If you want to get a Michelin star, you should have desire, perseverance, high professionalism, and, above all, great individuality. You must have something very personal. At Odiseo, in order to receive a Michelin star, we worked on a seafood menu with completely new technologies that we developed ourselves. The management liked our gastronomic offering. And here we go!

But well, now I am in Andorra. First of all, I am very excited about Andorra. The Andorrans have received me very well. Before, I didn’t know anything about Andorran cuisine. I didn’t even know about Andorra! But they welcomed me with open arms.
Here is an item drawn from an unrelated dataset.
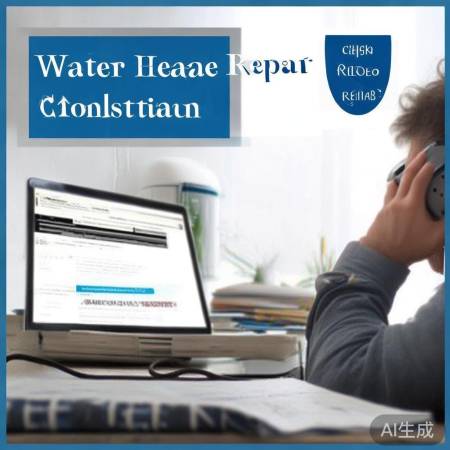 高木热水器故障指导电话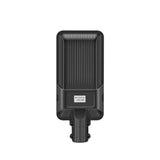 Solar Street Light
So there’s a lot of things to do, but there’s also a lot of things to learn…

To surprise Andorra, I have something exclusive. I have a grilled fish ceviche (normally ceviche is not grilled). Or what about a grilled rooster with an onion and tiger’s milk? It’s delicious!

Basically, I’ve always wanted to move away from Mediterranean cuisine, which I’m an expert in, to game dishes, because my mother comes from a region where they love to cook game dishes. Therefore, venison with truffles is also one of my exclusive dishes.

Finally, my signature piglet, which I have been cooking for 20 years – this is a piglet that is candied very slowly and then fried so it becomes very crispy on the outside.

Many years ago I lived in Lima. That’s why I practice Peruvian cuisine. I also practice Japanese and American cuisine (American hamburgers, ribs, etc.).

I think that here in Andorra, I can offer the customers much more – not merely good cuisine.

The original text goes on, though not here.